This weekend, a group of volunteers met at the American Red Cross headquarters to take on a new kind of disaster challenge. Designers, disaster preparedness experts, and community members spent the day participating in an Iconathon co-hosted by the newly launched Global Disaster Preparedness Center and The Noun Project in honor of Disaster Risk Reduction Day. The goal of an Iconathon is to add to the public domain symbols that visually convey concepts frequently needed in civic design.

The day kicked off with a presentation on urban disaster preparedness by the Global Disaster Preparedness Center’s Senior Information Architect, Ian O’Donnell, highlighting the increased worldwide disaster risk as more people move from rural to urban settings. This was followed by Robert Banick, Geographic Information Systems Coordinator for the American Red Cross, sharing a selection of maps and explaining how having a greater range of icons to work with will make the maps more useful to disaster preparedness workers and to communities who are striving to reduce risk locally.

“Visual communication is incredibly powerful,” said Edward Boatman, co-founder and Creative Director of The Noun Project. “Symbols transcend cultural and language barriers.

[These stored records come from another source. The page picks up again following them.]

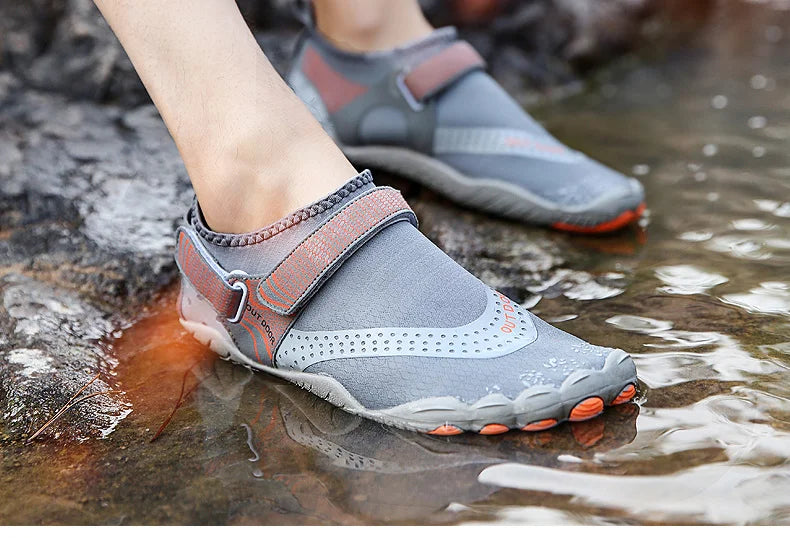 Men Water Shoes Women Wading Sneakers Drainage Barefoot Beach Aqua Shoes Quick Dry Fitness Yoga Shoes Sea Diving Swim Sandals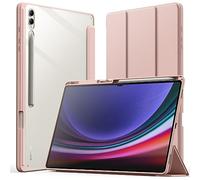 JETech Custodia per Samsung Galaxy Tab S10 Ultra/S9 Ultra 14,6", Oro Rosa
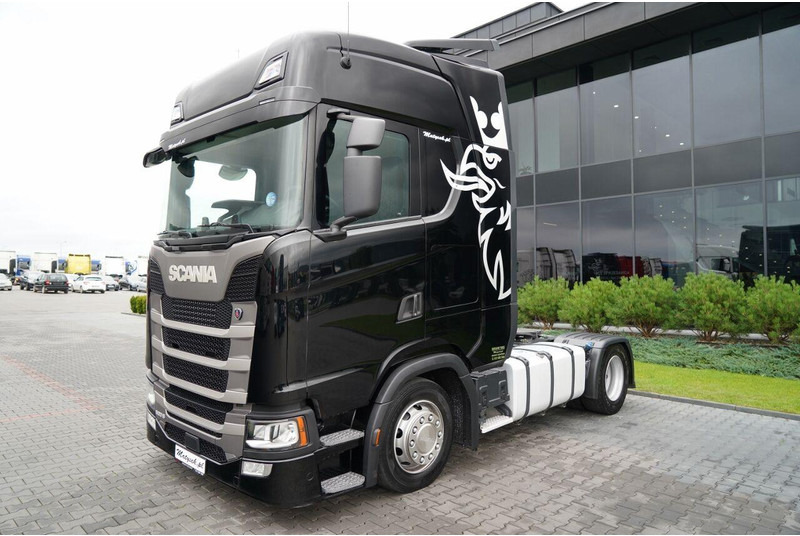 Scania S 500 / MEGA / RETARDER / LOW DECK / I-PARK COOL / PO KONTRAKCIE - Tracteur routier: photos 5 Scania S 500 / MEGA / RETARDER / LOW DECK / I-PARK COOL / PO KONTRAKCIE - Tracteur routier: photos 5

An effective symbol should quickly convey the correct information back to the user.”

Saturday’s Iconathon focused on creating new symbols to help convey disaster preparedness in an urban setting in a clear, concise format. Ideas like earthquake preparedness, community mapping, high ground, and internet connection were all, literally, on the table.

Teams of volunteers chose words and phrases and began the process of designing symbols that reflect those ideas. Each team had artists and graphic designers paired with subject matter experts and community members to ensure a mix of design skill and disaster management expertise were utilized in the process. 

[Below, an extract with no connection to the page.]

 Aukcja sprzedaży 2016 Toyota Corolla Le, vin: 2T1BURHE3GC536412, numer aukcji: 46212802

Andy Stites, a graphic designer from a Washington, D.C., firm, participated in the event. He hoped that by designing a library of symbols open to public access, ultimately the speed of communication would be increased during a disaster. When asked why he gave up his Saturday to help, he replied “to be able to do what I love for something good.”

At the end of a long day of creative energy and focus the teams presented their sketches and shared their ideas and thinking. The Noun Project will take these symbols and make them accessible for the public to use. The symbols created during this Iconathon will help the American Red Cross, the Global Disaster Preparedness Center, and the rest of the humanitarian community communicate important disaster preparedness ideas graphically.

The Global Disaster Preparedness Center is a joint initiative between the American Red Cross and International Federation of Red Cross and Red Crescent Societies. As a globally focused resource center, it supports learning and knowledge sharing for disaster preparedness practitioners in the Red Cross and Red Crescent network as well as the wider humanitarian community.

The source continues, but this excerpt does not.